• Required work
Beginning with the opening line, set down each line of the material below exactly, stopping once the line with "Chopping board Floral pattern with waves" is done.

• Supplied records
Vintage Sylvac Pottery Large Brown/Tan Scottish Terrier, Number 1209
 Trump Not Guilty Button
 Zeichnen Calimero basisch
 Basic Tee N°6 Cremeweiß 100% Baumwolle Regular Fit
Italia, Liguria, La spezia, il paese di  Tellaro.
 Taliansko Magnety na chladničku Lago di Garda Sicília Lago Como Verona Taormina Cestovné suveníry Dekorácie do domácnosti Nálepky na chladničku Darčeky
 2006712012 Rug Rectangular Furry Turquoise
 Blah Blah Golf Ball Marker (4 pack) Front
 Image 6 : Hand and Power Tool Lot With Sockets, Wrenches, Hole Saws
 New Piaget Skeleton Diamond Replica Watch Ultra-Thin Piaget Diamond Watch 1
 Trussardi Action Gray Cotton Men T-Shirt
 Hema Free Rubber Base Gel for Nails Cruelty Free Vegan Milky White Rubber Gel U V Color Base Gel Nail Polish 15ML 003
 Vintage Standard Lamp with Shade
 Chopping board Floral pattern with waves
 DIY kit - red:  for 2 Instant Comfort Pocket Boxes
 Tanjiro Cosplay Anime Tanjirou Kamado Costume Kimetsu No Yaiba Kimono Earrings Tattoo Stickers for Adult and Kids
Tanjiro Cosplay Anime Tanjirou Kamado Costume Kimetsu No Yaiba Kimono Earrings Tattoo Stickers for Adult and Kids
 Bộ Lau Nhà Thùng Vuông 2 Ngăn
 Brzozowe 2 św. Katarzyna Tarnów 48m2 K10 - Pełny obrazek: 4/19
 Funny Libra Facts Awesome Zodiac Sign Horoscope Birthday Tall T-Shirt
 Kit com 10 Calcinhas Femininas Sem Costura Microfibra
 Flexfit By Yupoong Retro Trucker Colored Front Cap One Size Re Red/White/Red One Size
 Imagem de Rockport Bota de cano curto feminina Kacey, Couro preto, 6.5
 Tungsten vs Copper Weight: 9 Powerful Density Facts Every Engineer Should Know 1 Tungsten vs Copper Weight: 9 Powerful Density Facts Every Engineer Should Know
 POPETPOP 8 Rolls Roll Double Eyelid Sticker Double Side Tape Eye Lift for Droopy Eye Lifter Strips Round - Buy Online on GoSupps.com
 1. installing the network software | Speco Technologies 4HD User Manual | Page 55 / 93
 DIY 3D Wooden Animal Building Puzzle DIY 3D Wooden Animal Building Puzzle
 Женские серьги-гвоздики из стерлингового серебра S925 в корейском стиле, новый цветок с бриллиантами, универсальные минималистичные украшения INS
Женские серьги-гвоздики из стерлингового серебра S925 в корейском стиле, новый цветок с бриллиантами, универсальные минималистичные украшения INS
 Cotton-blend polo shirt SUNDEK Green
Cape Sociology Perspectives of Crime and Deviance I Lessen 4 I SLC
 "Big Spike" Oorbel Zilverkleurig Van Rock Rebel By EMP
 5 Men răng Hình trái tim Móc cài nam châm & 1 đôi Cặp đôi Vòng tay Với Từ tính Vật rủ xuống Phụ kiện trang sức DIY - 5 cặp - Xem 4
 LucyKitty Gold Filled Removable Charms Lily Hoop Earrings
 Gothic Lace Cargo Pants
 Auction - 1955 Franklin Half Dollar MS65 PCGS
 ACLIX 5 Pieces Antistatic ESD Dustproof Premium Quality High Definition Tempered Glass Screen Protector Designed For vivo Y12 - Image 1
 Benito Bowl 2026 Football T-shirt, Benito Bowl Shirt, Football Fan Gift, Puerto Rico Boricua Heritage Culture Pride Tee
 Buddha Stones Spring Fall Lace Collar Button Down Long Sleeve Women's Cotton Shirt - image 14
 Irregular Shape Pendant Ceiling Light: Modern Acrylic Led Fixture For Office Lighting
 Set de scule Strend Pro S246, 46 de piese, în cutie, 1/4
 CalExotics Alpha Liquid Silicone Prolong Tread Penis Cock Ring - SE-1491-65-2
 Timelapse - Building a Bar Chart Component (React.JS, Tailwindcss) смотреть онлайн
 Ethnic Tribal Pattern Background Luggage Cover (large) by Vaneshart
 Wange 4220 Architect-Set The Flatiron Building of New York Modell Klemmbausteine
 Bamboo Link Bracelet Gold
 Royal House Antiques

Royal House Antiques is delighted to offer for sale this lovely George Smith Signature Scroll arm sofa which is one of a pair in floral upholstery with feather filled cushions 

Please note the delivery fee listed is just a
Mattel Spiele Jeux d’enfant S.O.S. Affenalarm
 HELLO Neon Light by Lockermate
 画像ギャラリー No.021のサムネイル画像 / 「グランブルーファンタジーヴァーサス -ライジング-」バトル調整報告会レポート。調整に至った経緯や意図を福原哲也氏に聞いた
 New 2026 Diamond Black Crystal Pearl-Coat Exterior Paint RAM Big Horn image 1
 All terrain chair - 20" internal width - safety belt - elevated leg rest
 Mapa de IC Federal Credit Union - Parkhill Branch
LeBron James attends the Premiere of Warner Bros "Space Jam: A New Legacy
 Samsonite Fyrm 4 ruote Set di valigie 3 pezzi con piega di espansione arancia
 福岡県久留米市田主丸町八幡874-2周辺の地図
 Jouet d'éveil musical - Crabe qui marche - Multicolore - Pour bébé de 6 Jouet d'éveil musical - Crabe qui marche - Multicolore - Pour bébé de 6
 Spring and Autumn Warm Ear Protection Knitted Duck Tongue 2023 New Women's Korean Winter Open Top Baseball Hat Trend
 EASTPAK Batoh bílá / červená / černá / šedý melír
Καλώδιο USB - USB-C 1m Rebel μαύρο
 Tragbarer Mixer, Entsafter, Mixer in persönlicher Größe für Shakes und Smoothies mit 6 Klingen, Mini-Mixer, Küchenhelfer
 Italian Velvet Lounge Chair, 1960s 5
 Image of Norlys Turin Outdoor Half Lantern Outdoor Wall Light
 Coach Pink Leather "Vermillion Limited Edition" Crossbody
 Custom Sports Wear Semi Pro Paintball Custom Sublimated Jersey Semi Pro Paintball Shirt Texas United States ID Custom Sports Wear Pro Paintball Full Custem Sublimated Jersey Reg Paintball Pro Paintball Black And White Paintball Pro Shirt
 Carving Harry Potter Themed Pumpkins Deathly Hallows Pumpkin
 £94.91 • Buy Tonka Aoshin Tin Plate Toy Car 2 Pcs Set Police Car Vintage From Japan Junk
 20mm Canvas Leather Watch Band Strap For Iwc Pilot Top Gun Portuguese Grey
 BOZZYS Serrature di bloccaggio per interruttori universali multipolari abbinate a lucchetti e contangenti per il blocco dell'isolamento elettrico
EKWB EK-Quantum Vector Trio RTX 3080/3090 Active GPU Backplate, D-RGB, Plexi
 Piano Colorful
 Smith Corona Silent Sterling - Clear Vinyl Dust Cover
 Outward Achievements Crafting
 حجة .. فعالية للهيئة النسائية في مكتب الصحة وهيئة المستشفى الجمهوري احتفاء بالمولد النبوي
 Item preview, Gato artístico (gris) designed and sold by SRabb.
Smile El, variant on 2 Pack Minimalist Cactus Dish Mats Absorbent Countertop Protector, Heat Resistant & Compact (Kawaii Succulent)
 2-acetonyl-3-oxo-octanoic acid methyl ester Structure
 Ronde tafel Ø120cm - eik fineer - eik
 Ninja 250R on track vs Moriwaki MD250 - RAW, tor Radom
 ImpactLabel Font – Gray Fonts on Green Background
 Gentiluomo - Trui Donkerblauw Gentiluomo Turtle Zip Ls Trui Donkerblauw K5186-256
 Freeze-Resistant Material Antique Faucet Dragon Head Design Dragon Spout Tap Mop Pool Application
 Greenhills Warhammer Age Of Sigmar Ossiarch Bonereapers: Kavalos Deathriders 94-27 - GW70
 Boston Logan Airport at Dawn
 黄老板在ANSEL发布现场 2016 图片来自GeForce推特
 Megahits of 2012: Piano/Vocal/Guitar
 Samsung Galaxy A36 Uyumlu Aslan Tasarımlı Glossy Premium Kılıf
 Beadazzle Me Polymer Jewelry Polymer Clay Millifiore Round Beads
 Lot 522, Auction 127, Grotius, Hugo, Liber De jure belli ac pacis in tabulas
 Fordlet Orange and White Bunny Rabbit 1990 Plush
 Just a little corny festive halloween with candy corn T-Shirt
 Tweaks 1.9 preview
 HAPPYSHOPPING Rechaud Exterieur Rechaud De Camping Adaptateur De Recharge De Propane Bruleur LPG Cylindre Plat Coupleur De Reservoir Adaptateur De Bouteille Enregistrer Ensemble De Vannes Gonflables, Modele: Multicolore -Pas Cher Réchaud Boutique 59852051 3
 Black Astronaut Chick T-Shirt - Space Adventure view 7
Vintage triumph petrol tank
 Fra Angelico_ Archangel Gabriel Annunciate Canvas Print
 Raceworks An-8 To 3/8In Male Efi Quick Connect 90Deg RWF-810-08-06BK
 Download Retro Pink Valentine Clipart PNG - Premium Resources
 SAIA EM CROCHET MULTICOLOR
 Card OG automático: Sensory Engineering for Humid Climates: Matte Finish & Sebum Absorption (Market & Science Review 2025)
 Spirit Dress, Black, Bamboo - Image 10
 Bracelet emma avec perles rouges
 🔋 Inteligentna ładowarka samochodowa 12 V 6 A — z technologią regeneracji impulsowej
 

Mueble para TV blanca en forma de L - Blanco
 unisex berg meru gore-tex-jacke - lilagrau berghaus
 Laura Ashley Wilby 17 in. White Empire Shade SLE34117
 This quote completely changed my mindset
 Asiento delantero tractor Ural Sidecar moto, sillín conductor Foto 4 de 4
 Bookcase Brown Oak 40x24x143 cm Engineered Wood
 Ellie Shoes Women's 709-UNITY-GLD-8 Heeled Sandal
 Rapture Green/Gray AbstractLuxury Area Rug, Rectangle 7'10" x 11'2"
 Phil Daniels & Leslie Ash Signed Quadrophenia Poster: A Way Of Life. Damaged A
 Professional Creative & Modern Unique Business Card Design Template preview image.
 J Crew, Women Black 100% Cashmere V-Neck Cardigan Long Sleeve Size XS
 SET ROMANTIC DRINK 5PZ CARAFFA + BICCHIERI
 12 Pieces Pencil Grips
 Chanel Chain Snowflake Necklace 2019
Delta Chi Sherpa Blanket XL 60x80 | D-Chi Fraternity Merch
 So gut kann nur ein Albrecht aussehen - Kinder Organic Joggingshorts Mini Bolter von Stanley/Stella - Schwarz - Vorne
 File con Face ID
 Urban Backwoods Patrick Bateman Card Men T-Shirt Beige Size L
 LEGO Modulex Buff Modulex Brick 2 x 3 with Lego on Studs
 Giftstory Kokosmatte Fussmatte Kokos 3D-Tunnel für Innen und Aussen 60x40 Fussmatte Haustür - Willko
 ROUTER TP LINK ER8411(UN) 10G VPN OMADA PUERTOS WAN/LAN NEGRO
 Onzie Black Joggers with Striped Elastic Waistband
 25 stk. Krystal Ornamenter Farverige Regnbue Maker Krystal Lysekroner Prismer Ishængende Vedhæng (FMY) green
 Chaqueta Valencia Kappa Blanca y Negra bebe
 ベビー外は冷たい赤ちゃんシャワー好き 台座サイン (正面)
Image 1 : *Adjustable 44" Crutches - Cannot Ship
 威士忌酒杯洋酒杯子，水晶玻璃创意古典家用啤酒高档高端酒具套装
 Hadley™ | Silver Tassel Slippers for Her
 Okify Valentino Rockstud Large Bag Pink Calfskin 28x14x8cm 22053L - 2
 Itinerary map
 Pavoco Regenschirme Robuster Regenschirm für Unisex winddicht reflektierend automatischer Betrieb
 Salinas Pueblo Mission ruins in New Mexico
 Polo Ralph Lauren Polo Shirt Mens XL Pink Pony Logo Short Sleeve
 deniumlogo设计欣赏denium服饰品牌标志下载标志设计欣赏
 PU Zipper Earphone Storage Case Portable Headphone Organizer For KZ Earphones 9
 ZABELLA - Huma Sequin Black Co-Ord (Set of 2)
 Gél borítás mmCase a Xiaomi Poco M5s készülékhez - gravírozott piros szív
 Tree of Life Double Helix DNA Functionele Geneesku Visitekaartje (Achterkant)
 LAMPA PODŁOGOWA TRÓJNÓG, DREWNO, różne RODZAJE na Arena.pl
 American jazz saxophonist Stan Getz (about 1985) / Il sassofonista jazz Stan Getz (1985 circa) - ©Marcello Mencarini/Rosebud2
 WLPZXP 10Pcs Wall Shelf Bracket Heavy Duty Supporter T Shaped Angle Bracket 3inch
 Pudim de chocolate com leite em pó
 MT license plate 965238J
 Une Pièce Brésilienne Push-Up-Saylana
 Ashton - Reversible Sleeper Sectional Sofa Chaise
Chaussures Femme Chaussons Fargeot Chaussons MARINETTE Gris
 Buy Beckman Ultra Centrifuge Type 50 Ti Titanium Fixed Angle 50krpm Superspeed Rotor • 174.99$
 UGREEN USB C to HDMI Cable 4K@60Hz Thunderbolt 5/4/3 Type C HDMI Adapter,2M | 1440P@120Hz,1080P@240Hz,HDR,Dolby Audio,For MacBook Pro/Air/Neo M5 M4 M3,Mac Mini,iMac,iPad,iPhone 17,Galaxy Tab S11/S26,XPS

• Task response
Vintage Sylvac Pottery Large Brown/Tan Scottish Terrier, Number 1209
 Trump Not Guilty Button
 Zeichnen Calimero basisch
 Basic Tee N°6 Cremeweiß 100% Baumwolle Regular Fit
Italia, Liguria, La spezia, il paese di  Tellaro.
 Taliansko Magnety na chladničku Lago di Garda Sicília Lago Como Verona Taormina Cestovné suveníry Dekorácie do domácnosti Nálepky na chladničku Darčeky
 2006712012 Rug Rectangular Furry Turquoise
 Blah Blah Golf Ball Marker (4 pack) Front
 Image 6 : Hand and Power Tool Lot With Sockets, Wrenches, Hole Saws
 New Piaget Skeleton Diamond Replica Watch Ultra-Thin Piaget Diamond Watch 1
 Trussardi Action Gray Cotton Men T-Shirt
 Hema Free Rubber Base Gel for Nails Cruelty Free Vegan Milky White Rubber Gel U V Color Base Gel Nail Polish 15ML 003
 Vintage Standard Lamp with Shade
 Chopping board Floral pattern with waves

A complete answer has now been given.